Kyle continues by explaining that he also set up a mailbox using the same ‘fake’ domain name and noticed that one of the attacker actually sent a spear phishing email to the mailbox, which contained the name the real city administrator for the system. In other words, the attacker did some recon, figured out who the real admin was and used the email address found on the honeypot website to attack that person.  The email contained a kind request for the person to fill out a survey and included a CityRequest.docx file. Of course, this document contains an exploit that infects the machine with malware.

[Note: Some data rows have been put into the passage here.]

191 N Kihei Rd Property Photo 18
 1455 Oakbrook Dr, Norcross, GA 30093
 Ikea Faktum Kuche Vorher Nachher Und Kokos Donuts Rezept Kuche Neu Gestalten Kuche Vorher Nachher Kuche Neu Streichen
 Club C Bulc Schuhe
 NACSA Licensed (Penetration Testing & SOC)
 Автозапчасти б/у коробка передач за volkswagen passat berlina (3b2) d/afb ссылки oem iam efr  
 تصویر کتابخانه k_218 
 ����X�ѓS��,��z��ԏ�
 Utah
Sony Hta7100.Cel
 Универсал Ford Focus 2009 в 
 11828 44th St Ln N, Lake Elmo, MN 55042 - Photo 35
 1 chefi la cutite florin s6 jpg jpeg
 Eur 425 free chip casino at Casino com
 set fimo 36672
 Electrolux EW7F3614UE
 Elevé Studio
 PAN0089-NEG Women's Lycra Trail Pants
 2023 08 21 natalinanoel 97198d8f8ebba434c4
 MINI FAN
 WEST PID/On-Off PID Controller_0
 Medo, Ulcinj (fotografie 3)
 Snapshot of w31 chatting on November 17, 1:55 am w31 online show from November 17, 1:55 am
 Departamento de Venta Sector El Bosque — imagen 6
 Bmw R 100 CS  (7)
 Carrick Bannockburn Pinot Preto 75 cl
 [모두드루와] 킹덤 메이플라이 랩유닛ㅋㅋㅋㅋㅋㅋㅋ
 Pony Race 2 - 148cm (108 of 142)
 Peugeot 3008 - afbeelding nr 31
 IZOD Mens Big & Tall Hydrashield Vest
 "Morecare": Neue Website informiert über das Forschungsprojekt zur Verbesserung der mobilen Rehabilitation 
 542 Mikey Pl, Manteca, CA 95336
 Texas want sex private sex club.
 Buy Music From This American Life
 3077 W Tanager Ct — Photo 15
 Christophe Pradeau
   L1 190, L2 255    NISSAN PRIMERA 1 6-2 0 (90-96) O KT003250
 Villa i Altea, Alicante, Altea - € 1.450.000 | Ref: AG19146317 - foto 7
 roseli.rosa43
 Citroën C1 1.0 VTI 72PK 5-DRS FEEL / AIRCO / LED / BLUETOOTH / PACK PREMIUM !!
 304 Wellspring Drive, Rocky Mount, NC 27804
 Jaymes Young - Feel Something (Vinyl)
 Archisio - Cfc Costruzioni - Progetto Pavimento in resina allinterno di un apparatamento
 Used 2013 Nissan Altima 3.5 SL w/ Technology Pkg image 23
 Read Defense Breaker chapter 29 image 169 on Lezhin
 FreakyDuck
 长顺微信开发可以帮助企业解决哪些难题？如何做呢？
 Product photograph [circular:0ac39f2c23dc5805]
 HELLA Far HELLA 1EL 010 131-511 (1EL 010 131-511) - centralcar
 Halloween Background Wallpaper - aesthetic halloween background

Kyle analysed the malware and noticed that it exploits CVE-2012-0158 and connects to a C&C server in China.  After 5 days, files started leaving the infected machined. Further analysis shows that the malware monitors reg keys for value changes, creates guard pages, dropped PE files, communicates with C2 IP’s, creates files, creates fake documents and opens it.

Attacker profile

Who’s attacking the ICS system?  One of the C2 serves was wide open, so Kyle hopped onto the server and could see the documents that were pulled from his own ICS server.  The malware used seemed to be co-reused and the attacks seemed to be targeted, but it’s unclear what the motivation was for the attack.  There was some reconnaissance activity on the infected system, attempts were made to damage the system, data was stolen, and a persistent backdoor was placed.

Recommendations

  • Disable internet access to your trusted resources, where possible
  • Maintain your trusted resources at the latest patch levels and ensure you are diligent in monitoring when new patches/fixes are released
  • Require username/password (two-factor if possible) combinations for all systems, including those are not deemed “trusted”
  • Control contractor-access. Many SCADA/ICS networks utilise remote contractors and controlling how they access trusted resources in imperative.
  • Use SSL/TLS for communications to web-based ICS/SCADA systems
  • Control access to trusted devices. Use a bastion host with ACLs for ingres/egress access. Segment your network
  • Improve logging on trusted environments, in addition to passing logs to SIEM devices for third party backup/analysis
  • Utilize zones such as “BLAN”, “WLAN” and SCADA
  • Develop a threat modelling system to your organisation, understand who’s attacking you and why.

Remember: These attacks are happening… today.